• [Exercise data]:
◇ ◇ ◇

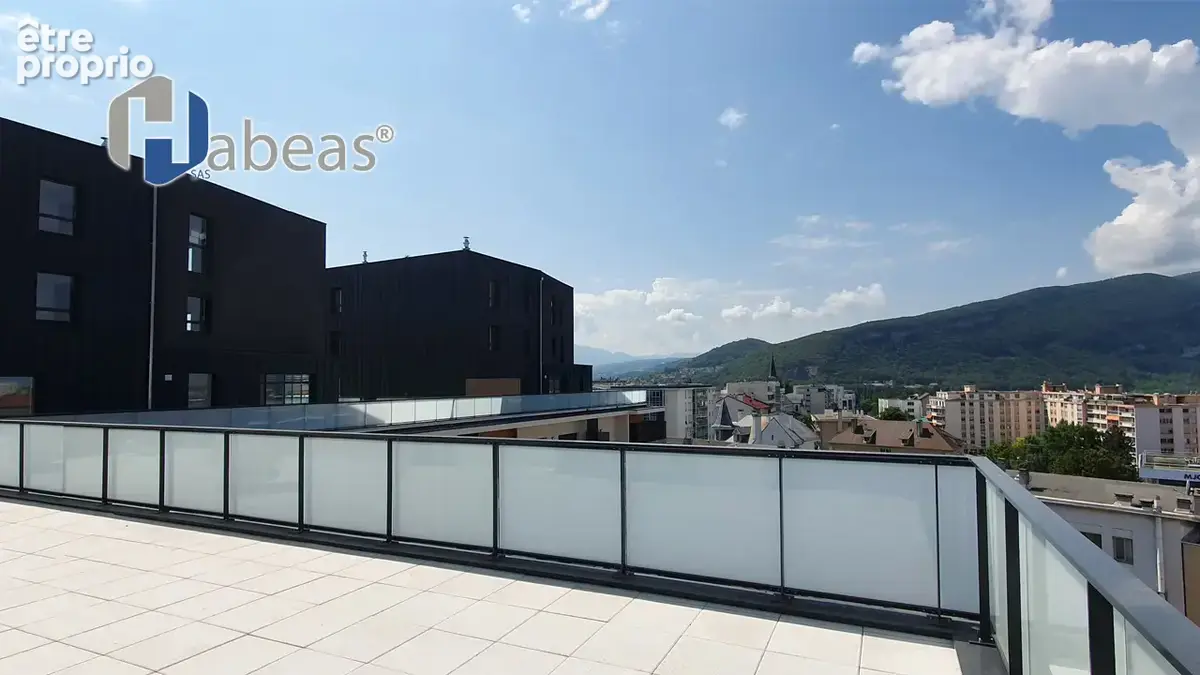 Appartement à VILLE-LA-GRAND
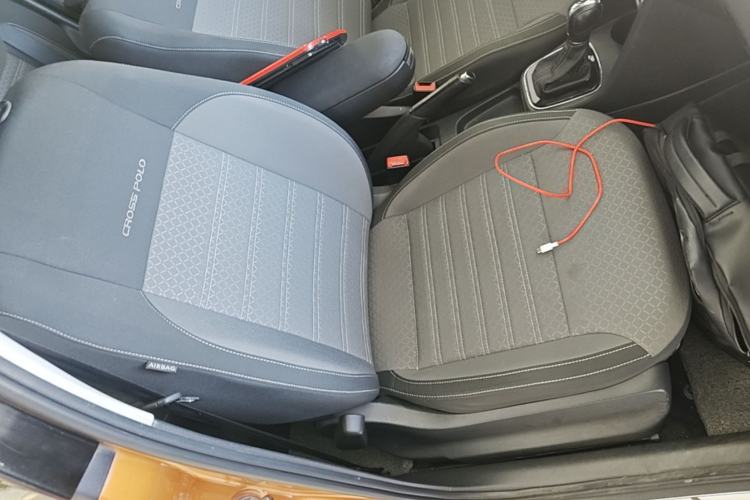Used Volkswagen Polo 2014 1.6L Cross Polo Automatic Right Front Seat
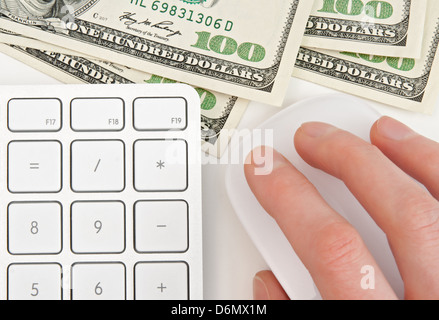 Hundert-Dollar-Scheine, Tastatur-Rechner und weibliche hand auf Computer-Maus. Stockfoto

◇ ◇ ◇

• [Work required]: Would you transcribe, exactly and only, the lines from the one that contains "Used Volkswagen Polo" through the last line of the data above, without any pictures?

• [Task result]:
Used Volkswagen Polo 2014 1.6L Cross Polo Automatic Right Front Seat
 Hundert-Dollar-Scheine, Tastatur-Rechner und weibliche hand auf Computer-Maus. Stockfoto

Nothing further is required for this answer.